Total cooking time, 45 minutes. Additional ingredients/ equipment needed: 1 serving of dumplings from grocery store sushi section if wanted. Heavy bottomed pans (2) and a steaming basket for the dumplings if you want them.
Beef & Broccoli
Serves 4. Total cooking time 30 minutes.
- 2 boneless ribeyes, excess outside fat trimmed
- ¼ C. low sodium soy sauce
- 2 tbs. extra virgin olive oil
- 2 tbs. sambal olek (**use less, or none if you aren’t a fan of spice!)
- 1 tbs. ginger paste (the kind you find near the herbs in the vegetable section
- 3 cloves minced garlic
- 1 bag (1 lb) chopped broccoli, steamed for half the time the bag calls for
- 2 chopped green onions (for garnish)
- 1 tbs. toasted sesame seed (for garnish)

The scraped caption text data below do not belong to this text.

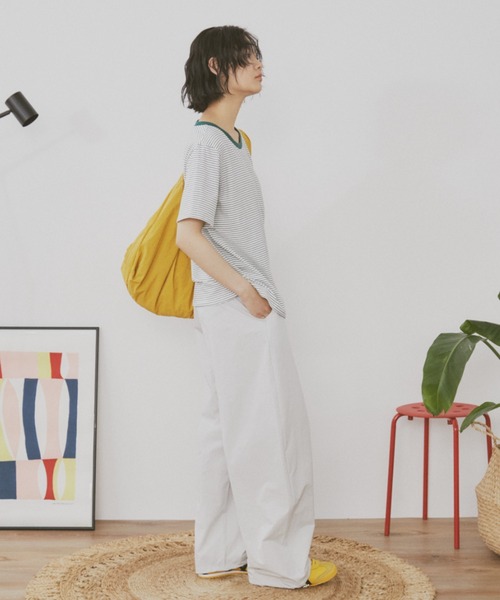 MERLOT(メルロー)の「ベーシックボーダーリンガーT(Tシャツ/カットソー・レディース・グリーン/レッド/ブラック・FREE)」の14枚目の写真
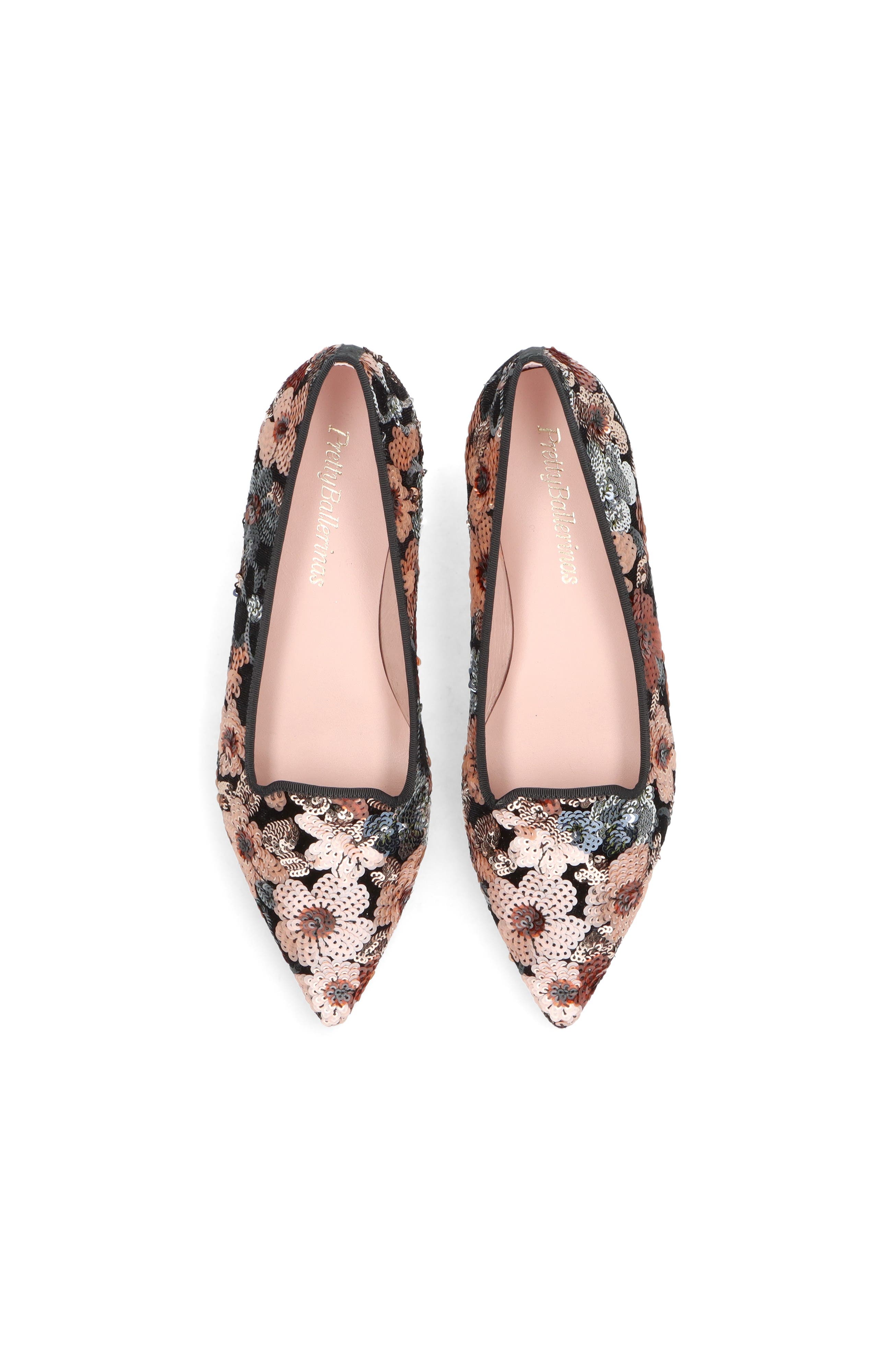Pretty Ballerinas Pointed Toe Sequinned Loafer, Main, color, Pink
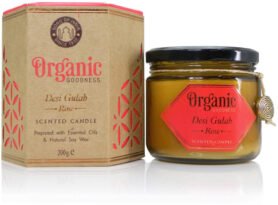 Song of India Organic Goodness Svíčka Desi Gulab Rose, 200g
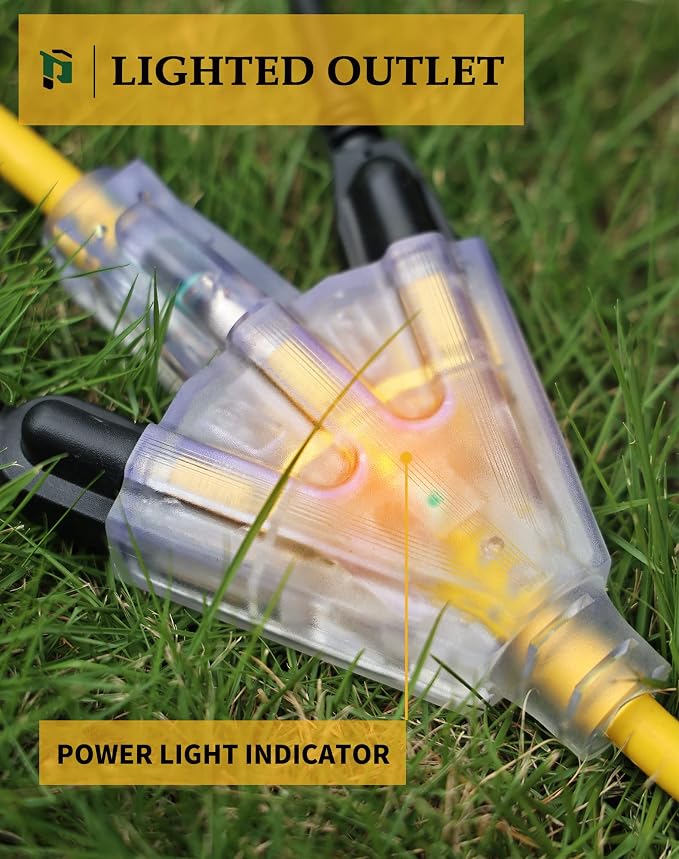 10Ft 12 Gauge Outdoor Extension Cord - Image 5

- 2 tbs. high heat cooking oil (stir fry oil if they have it, if not, olive oil is fine)
- 2 tbs. cold water
- 1 tbs. cornstarch (whisk the water and cornstarch together to create a cornstarch slurry)
Cut the ribeyes into rectangular pieces, similar in size to Jolly Ranchers, about 1” long by ½” thick. In a small bowl, whisk together the soy sauce, oil, sambal, ginger and garlic. Add the steak to the bowl and let it marinate for 10 minutes. If you have time, let the meat sit in the sauce for several hours, but that is not necessary. While the meat is marinating, heat 2 tbs. of stir fry oil in a pan until hot, but not smoking. Once the oil is hot, test a piece of the meat. If it sizzles loud, the pan is hot enough. Add in the meat (use tongs or your hands to add the meat in, as you want to save the marinade). Cook the beef for 3 minutes, stirring occasionally. Add in the broccoli and cook for another 3 minutes. Add in the remaining marinade and the cornstarch slurry and stir to combine well. Simmer for another 3 minutes until the sauce turns thick and the meat is cooked through. Garnish with sesame seeds and chopped green onions.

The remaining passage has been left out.